Stored items:
*** Block opens ***
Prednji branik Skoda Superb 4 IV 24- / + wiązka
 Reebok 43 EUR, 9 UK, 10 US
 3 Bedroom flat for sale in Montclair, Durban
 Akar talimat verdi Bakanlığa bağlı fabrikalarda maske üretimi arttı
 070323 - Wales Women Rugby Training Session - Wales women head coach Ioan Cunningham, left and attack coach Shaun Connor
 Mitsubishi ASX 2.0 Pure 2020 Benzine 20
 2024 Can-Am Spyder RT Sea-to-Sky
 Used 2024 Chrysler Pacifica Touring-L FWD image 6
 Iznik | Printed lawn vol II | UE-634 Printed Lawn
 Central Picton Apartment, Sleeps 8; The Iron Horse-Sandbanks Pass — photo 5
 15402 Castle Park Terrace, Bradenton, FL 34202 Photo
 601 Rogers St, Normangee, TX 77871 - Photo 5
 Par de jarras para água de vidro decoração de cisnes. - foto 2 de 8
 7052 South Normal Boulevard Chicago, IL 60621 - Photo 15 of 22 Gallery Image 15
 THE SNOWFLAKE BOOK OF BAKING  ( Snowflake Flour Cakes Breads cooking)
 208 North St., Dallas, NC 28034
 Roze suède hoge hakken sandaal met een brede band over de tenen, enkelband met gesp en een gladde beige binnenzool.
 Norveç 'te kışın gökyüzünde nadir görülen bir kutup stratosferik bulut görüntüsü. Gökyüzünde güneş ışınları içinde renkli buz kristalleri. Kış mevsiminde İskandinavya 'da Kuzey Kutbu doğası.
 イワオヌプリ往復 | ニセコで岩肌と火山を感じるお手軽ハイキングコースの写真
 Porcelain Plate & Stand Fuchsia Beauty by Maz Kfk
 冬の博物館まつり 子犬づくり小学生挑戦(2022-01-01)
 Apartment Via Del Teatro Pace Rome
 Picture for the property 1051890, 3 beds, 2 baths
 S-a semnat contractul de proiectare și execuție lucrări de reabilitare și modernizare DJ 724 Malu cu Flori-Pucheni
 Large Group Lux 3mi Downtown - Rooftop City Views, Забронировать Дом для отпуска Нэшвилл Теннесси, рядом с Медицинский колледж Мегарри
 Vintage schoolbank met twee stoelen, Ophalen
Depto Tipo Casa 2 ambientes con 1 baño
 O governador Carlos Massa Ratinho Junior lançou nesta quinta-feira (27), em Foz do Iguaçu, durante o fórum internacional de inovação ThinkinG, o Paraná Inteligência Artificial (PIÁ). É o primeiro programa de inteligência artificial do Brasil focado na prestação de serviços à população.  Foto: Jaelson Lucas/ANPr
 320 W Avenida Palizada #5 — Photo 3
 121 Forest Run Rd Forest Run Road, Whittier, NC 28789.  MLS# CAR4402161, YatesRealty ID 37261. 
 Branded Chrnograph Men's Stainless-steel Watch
*** Block closes ***
**What needs to be done**. Give the data again, exactly as written.

**Answer area**.
Prednji branik Skoda Superb 4 IV 24- / + wiązka
 Reebok 43 EUR, 9 UK, 10 US
 3 Bedroom flat for sale in Montclair, Durban
 Akar talimat verdi Bakanlığa bağlı fabrikalarda maske üretimi arttı
 070323 - Wales Women Rugby Training Session - Wales women head coach Ioan Cunningham, left and attack coach Shaun Connor
 Mitsubishi ASX 2.0 Pure 2020 Benzine 20
 2024 Can-Am Spyder RT Sea-to-Sky
 Used 2024 Chrysler Pacifica Touring-L FWD image 6
 Iznik | Printed lawn vol II | UE-634 Printed Lawn
 Central Picton Apartment, Sleeps 8; The Iron Horse-Sandbanks Pass — photo 5
 15402 Castle Park Terrace, Bradenton, FL 34202 Photo
 601 Rogers St, Normangee, TX 77871 - Photo 5
 Par de jarras para água de vidro decoração de cisnes. - foto 2 de 8
 7052 South Normal Boulevard Chicago, IL 60621 - Photo 15 of 22 Gallery Image 15
 THE SNOWFLAKE BOOK OF BAKING  ( Snowflake Flour Cakes Breads cooking)
 208 North St., Dallas, NC 28034
 Roze suède hoge hakken sandaal met een brede band over de tenen, enkelband met gesp en een gladde beige binnenzool.
 Norveç 'te kışın gökyüzünde nadir görülen bir kutup stratosferik bulut görüntüsü. Gökyüzünde güneş ışınları içinde renkli buz kristalleri. Kış mevsiminde İskandinavya 'da Kuzey Kutbu doğası.
 イワオヌプリ往復 | ニセコで岩肌と火山を感じるお手軽ハイキングコースの写真
 Porcelain Plate & Stand Fuchsia Beauty by Maz Kfk
 冬の博物館まつり 子犬づくり小学生挑戦(2022-01-01)
 Apartment Via Del Teatro Pace Rome
 Picture for the property 1051890, 3 beds, 2 baths
 S-a semnat contractul de proiectare și execuție lucrări de reabilitare și modernizare DJ 724 Malu cu Flori-Pucheni
 Large Group Lux 3mi Downtown - Rooftop City Views, Забронировать Дом для отпуска Нэшвилл Теннесси, рядом с Медицинский колледж Мегарри
 Vintage schoolbank met twee stoelen, Ophalen
Depto Tipo Casa 2 ambientes con 1 baño
 O governador Carlos Massa Ratinho Junior lançou nesta quinta-feira (27), em Foz do Iguaçu, durante o fórum internacional de inovação ThinkinG, o Paraná Inteligência Artificial (PIÁ). É o primeiro programa de inteligência artificial do Brasil focado na prestação de serviços à população.  Foto: Jaelson Lucas/ANPr
 320 W Avenida Palizada #5 — Photo 3
 121 Forest Run Rd Forest Run Road, Whittier, NC 28789.  MLS# CAR4402161, YatesRealty ID 37261. 
 Branded Chrnograph Men's Stainless-steel Watch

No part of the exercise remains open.